■ Stored items from a collection ■
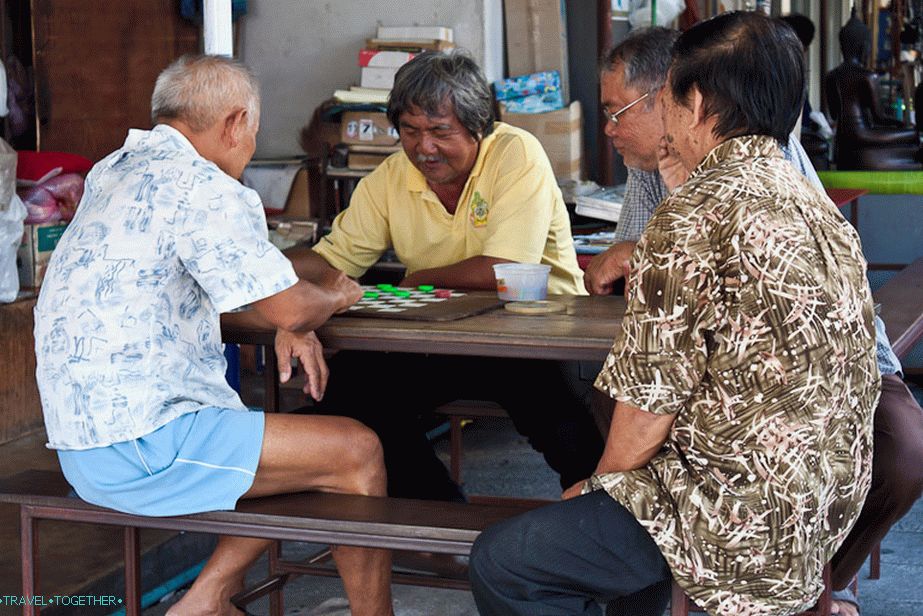 Grandfathers play checkers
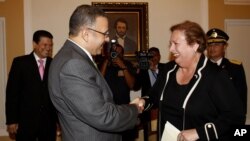 Aponte - La embajadora cuando fue recibida por el presidente de El Salvador, Mauricio Funes, en la capital de ese país.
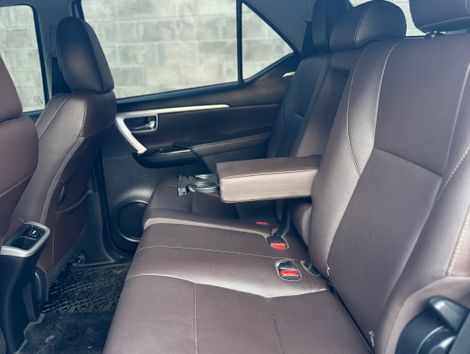 Toyota Hilux SW4 SRX 4x4 2.8 TDI 16V Dies. Aut.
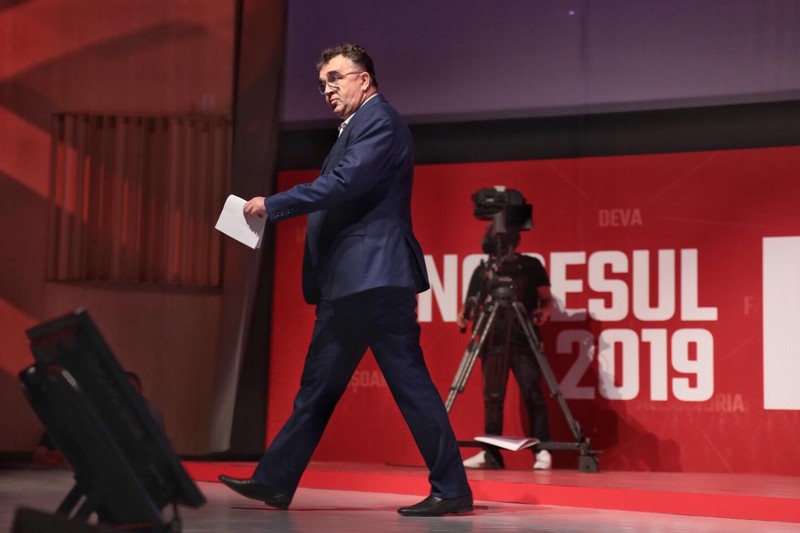 Marian Oprișan părăsind scena, după ce a fost huiduit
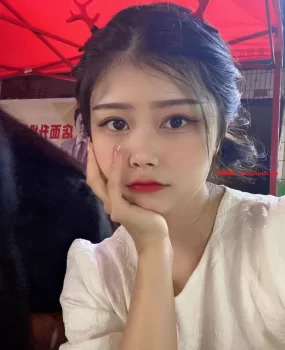 朋友介绍，新下水的学生妹，她还有个妹妹加钱可以双飞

■ What this task involves ■
Exact copies of the entries above are needed, with every picture removed.

■ Written answer ■
 Grandfathers play checkers
 Aponte - La embajadora cuando fue recibida por el presidente de El Salvador, Mauricio Funes, en la capital de ese país.
 Toyota Hilux SW4 SRX 4x4 2.8 TDI 16V Dies. Aut.
 Marian Oprișan părăsind scena, după ce a fost huiduit
 朋友介绍，新下水的学生妹，她还有个妹妹加钱可以双飞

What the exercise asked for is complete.